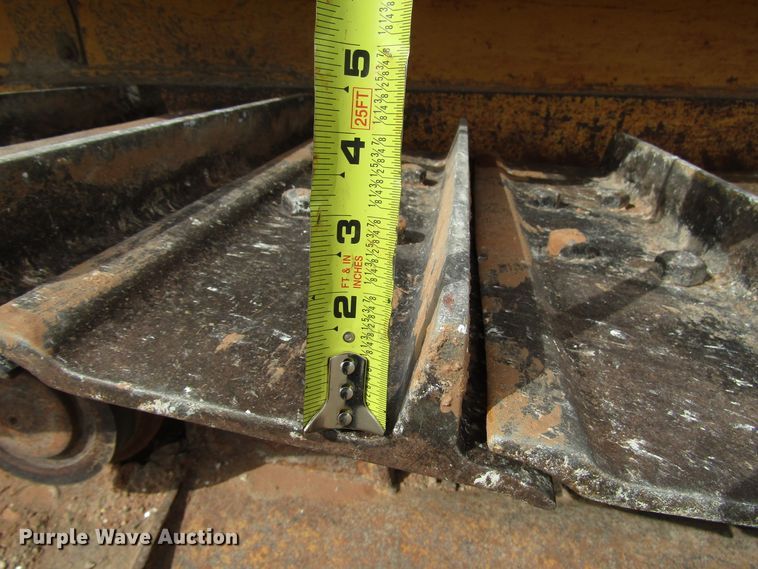 image for item DG8225 2007 John Deere 850J dozer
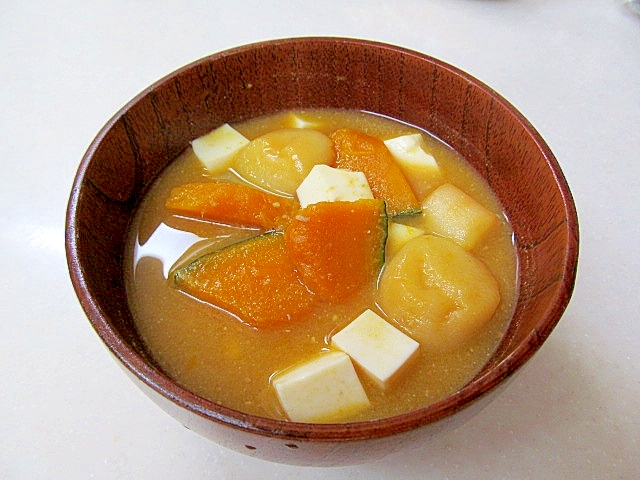 *かぼちゃと麩の味噌汁*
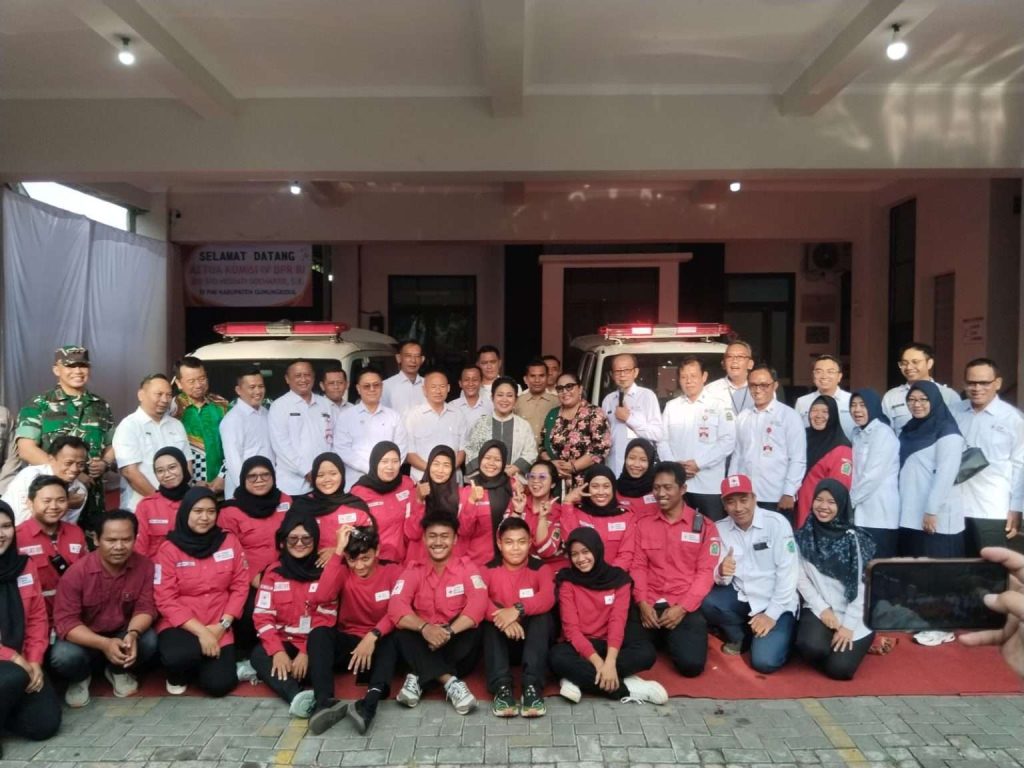 Wujud Kepedulian Kemanusiaan: Siti Hediati Soeharto Hadirkan Tambahan Armada Ambulans bagi Gunungkidul Wujud Kepedulian Kemanusiaan: Siti Hediati Soeharto Hadirkan Tambahan Armada Ambulans bagi Gunungkidul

Assignment: In full and without error, repeat the listing above, omitting its images.

Finished exercise:
 image for item DG8225 2007 John Deere 850J dozer
 *かぼちゃと麩の味噌汁*
 Wujud Kepedulian Kemanusiaan: Siti Hediati Soeharto Hadirkan Tambahan Armada Ambulans bagi Gunungkidul Wujud Kepedulian Kemanusiaan: Siti Hediati Soeharto Hadirkan Tambahan Armada Ambulans bagi Gunungkidul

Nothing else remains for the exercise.